Set down each record below exactly as it stands. Pictures are not part of the copy.

- Opening Delimiter -

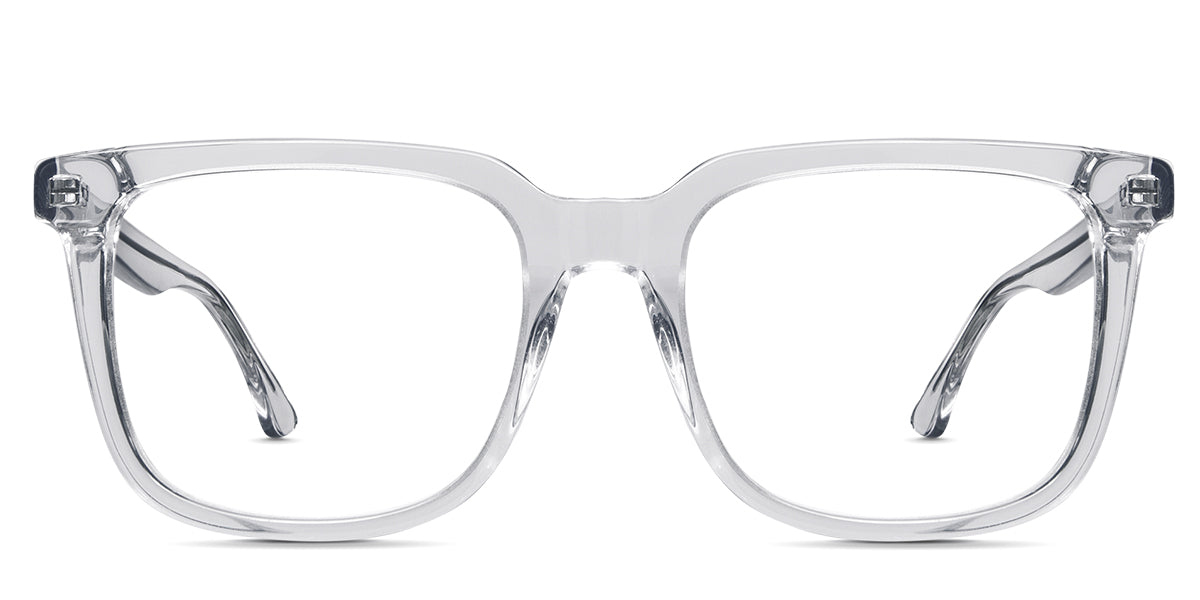 Texi eyeglasses in cloudsea variant - it's clear frame in acetate material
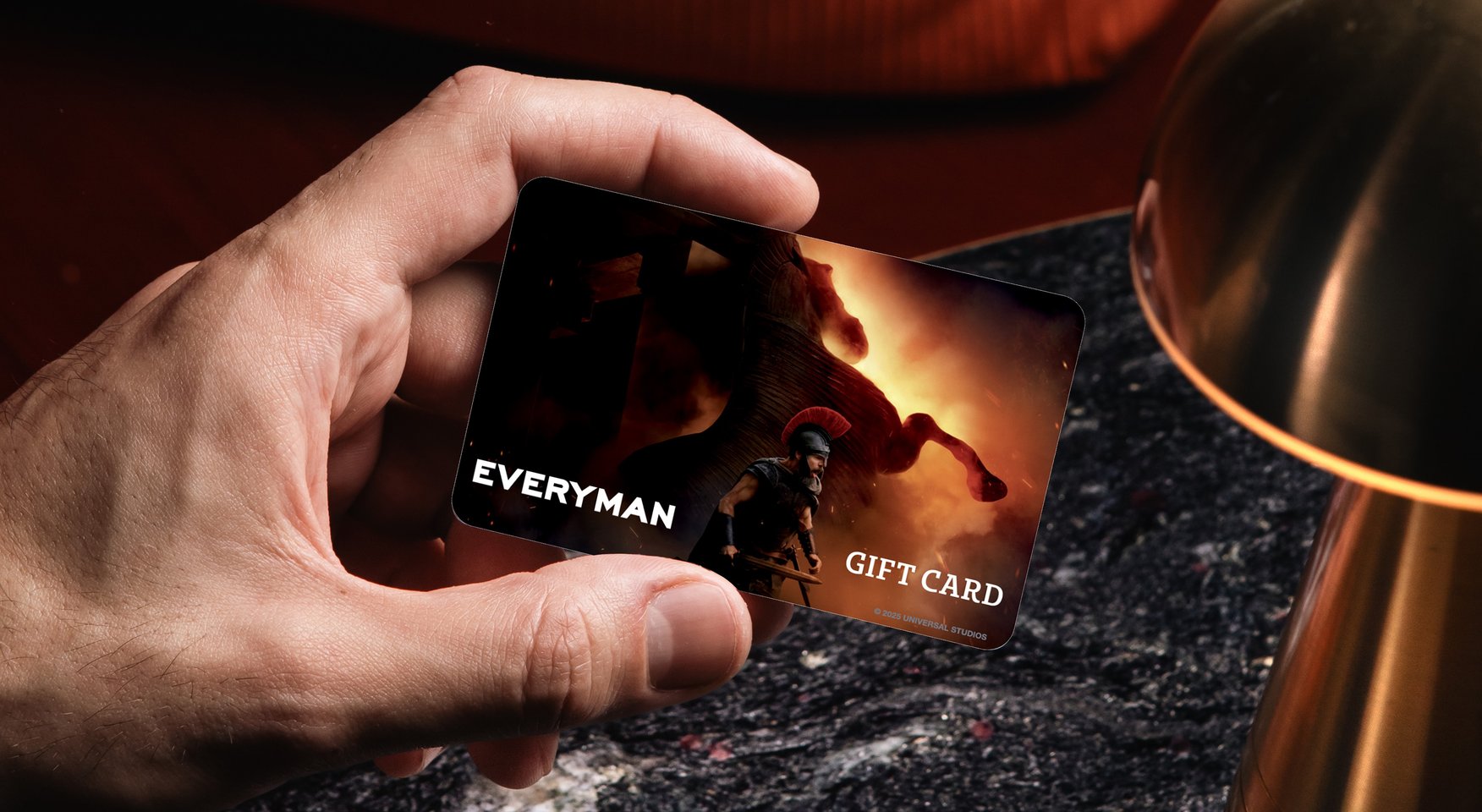 The Odyssey Gift Card
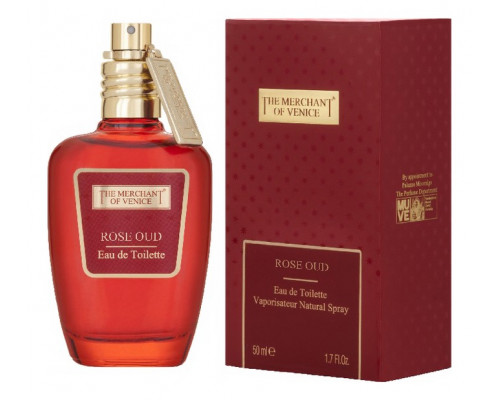 The Merchant of Venice Rose Oud , Туалетная вода 50 мл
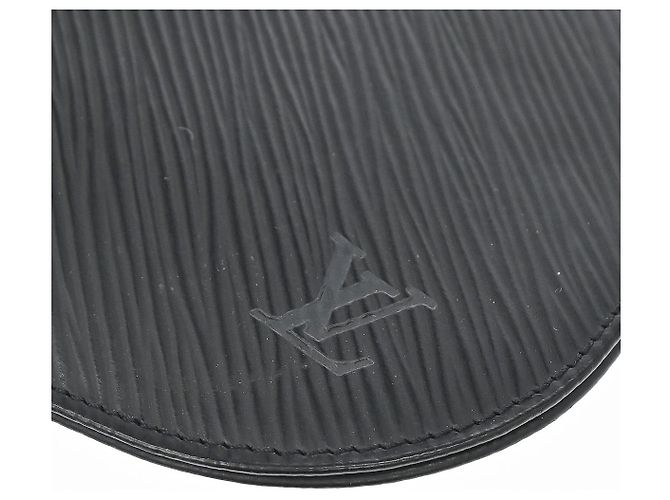 Pochette Demi Lune Louis Vuitton en piel Epi Negro - vista 7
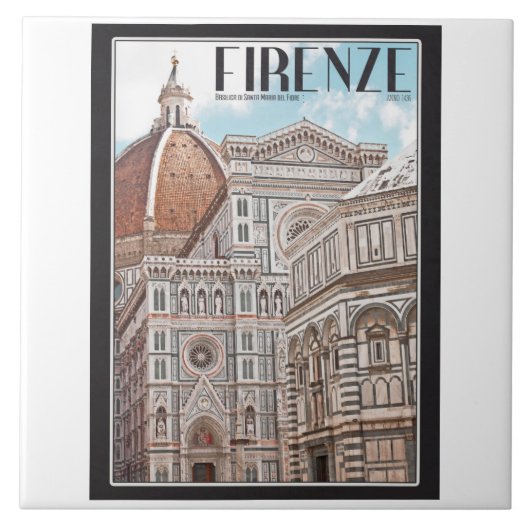 Carreau Duomo de Firenze (Devant)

- Closing Delimiter -

Result below:
 Texi eyeglasses in cloudsea variant - it's clear frame in acetate material
 The Odyssey Gift Card
 The Merchant of Venice Rose Oud , Туалетная вода 50 мл
 Pochette Demi Lune Louis Vuitton en piel Epi Negro - vista 7
 Carreau Duomo de Firenze (Devant)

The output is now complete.